I've been mulling some things in my head for the last few days, a lot of it ideas for blog posts. But I'm always doubting myself about what to write. Even now I'm having a hard time staying focused on writing this post.
I've found that when it comes to blogging, I feel like half the stuff that goes through my mind for blog posts are just downright boring. I worry no one really cares what I think so I never really put anything personal out there. Sure I have pictures of Michael and I and my cat like crazy, but most of you never really know who I am.
I feel like my favorite blogs are ones where I feel like I'm best buddies with the writer. I actually remember things that go on in their lives like I know them in reality. That, to me at least, makes for a great blogger. Here and there I've written a post or two about really personal stuff in my life, but I don't go very much into how I feel about things going on in the world and I think a lot of that has to do with I'm terrified to open myself up for criticism. As it is this blog isn't very popular, I don't get a lot of readers (like barely any) and practically no comments.

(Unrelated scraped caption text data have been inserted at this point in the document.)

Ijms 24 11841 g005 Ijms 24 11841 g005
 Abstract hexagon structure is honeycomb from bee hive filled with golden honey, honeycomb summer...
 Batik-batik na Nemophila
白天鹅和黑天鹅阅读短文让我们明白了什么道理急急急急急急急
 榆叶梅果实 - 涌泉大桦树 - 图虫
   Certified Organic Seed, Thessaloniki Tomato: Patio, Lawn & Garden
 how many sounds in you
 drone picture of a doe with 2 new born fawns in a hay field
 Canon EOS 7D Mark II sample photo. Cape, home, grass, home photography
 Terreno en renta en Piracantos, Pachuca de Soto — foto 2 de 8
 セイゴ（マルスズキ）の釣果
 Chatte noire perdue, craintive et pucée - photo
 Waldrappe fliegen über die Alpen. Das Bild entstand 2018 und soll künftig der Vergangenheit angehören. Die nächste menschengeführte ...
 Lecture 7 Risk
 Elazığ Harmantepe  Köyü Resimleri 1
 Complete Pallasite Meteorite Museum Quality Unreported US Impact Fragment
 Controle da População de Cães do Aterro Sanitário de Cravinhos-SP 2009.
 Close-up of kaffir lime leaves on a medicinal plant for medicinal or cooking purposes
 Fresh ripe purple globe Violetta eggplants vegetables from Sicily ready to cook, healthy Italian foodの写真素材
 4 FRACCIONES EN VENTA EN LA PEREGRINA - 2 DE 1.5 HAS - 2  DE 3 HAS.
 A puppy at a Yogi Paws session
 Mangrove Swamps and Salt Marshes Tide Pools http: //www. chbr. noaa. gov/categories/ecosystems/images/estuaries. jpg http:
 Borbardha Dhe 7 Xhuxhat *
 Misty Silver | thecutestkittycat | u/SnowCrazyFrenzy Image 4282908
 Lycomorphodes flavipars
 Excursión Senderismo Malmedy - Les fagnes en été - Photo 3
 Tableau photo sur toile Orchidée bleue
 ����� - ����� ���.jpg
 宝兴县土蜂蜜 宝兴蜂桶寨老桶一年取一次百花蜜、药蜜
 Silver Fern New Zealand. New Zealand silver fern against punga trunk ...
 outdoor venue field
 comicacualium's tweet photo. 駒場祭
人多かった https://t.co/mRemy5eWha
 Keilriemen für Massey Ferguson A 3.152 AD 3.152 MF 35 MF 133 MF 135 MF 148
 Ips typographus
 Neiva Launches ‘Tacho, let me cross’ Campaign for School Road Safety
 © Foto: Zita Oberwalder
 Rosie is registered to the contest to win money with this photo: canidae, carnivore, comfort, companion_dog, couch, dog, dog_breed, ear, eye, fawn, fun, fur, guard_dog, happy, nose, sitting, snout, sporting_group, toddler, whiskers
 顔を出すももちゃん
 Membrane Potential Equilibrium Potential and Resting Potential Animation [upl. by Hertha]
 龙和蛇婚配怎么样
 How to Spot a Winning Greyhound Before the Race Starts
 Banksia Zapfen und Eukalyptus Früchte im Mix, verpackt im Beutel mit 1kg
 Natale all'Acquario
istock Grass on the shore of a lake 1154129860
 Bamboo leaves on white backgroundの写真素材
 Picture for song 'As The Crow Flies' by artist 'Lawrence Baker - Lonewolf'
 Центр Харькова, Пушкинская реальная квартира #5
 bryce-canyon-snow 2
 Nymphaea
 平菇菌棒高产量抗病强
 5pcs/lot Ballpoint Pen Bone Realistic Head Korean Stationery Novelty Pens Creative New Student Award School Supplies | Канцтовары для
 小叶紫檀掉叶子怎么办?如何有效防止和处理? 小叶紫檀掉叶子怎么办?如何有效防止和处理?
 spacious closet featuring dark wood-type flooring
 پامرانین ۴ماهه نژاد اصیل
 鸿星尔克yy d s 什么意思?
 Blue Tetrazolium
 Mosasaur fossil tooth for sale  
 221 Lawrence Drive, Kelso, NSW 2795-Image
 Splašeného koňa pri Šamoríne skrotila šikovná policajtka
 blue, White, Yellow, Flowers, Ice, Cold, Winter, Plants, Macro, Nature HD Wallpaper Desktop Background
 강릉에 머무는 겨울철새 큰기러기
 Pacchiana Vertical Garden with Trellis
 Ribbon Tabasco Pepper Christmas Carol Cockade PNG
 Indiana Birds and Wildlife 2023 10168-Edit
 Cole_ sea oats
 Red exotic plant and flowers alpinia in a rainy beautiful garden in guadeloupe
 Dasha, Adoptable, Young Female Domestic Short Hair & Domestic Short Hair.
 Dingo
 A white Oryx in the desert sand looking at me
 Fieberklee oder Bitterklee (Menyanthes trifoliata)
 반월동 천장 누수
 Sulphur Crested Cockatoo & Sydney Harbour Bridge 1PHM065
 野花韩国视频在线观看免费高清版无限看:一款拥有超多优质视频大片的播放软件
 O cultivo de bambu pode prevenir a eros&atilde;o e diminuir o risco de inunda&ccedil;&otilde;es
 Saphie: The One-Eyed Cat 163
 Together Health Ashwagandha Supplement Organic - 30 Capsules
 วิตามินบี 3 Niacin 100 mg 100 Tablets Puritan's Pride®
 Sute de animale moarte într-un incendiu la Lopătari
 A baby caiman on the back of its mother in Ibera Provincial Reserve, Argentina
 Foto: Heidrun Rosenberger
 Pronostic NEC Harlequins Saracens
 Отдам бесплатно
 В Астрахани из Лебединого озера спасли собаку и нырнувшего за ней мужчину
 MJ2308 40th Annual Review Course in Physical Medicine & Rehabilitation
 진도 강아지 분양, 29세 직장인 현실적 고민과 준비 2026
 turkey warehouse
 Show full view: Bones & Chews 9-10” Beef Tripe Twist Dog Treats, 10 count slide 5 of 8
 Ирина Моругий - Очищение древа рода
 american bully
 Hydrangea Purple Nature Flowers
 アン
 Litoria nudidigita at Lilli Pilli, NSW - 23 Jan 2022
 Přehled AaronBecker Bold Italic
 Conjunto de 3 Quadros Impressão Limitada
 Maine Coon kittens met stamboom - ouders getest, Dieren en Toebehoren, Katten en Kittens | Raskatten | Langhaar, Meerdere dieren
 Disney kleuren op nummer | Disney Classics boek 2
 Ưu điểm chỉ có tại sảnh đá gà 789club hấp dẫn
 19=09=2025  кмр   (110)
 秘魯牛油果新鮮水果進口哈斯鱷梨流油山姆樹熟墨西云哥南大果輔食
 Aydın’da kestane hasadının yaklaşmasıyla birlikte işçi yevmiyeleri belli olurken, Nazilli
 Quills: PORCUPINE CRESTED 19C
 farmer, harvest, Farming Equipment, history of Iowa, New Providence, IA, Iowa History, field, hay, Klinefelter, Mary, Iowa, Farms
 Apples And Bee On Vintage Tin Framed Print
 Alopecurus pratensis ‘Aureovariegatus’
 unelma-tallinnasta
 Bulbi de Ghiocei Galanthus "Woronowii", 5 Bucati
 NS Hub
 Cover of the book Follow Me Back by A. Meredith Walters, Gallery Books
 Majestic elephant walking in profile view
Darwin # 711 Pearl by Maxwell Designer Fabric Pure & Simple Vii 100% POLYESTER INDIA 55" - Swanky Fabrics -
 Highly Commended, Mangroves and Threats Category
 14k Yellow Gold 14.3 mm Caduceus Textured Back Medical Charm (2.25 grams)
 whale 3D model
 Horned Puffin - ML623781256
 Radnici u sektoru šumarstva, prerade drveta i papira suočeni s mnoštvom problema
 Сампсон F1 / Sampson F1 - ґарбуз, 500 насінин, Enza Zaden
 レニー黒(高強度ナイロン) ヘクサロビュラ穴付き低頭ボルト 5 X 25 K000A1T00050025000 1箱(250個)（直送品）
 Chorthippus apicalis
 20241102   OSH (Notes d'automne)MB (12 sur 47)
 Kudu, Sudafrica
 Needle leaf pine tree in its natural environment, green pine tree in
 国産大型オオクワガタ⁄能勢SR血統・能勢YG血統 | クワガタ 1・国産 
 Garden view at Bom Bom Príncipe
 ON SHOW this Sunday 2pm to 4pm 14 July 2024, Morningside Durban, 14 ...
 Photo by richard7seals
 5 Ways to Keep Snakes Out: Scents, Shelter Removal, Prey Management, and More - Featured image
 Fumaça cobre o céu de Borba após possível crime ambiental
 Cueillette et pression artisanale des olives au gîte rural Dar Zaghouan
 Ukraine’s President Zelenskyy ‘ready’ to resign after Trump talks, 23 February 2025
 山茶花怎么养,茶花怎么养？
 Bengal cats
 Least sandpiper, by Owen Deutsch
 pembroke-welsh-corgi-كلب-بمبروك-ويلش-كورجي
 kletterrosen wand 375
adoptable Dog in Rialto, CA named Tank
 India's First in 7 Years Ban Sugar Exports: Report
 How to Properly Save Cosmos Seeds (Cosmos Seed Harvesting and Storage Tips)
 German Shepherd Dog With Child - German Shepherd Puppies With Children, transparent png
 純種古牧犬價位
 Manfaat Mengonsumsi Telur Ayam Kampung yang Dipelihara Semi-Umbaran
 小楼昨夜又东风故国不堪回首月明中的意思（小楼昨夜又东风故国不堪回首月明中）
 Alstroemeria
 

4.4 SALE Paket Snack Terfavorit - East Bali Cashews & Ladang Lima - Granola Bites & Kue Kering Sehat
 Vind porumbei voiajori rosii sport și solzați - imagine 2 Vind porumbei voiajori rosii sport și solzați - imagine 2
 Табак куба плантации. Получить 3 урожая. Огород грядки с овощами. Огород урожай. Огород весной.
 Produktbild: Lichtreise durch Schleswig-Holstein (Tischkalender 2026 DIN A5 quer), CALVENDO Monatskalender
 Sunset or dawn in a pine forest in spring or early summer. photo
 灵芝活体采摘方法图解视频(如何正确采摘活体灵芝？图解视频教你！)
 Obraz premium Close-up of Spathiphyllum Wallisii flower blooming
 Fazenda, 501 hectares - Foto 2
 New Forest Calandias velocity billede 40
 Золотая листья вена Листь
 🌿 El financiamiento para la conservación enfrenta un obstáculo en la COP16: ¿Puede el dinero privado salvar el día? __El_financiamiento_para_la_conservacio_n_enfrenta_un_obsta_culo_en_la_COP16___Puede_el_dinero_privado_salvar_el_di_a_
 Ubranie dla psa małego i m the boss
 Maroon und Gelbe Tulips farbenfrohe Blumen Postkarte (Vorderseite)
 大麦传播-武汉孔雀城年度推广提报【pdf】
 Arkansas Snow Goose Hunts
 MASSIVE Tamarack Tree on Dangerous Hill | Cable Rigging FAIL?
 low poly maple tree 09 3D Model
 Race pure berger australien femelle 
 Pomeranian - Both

I worry that by throwing out my opinion on things, people will like my blog even less (is that possible??)
But I've come to the conclusion that this is my blog and I'm not always writing for other people. Plus hey, if people don't like what I say, that means they at least read my post right? ;)
Anywho, this post was mainly putting it out there that I know I'm really only ever writing about what workouts I did this week or what I ate and I just wanna say, thanks for sticking around. I promise I'll try putting myself out there a little more so you'll actually know who I am rather than some weird blogger who workouts out and eats all the time (not like that isn't me anyway).
Hope you all have a wonderful and safe Halloween!
Hope you all have a wonderful and safe Halloween!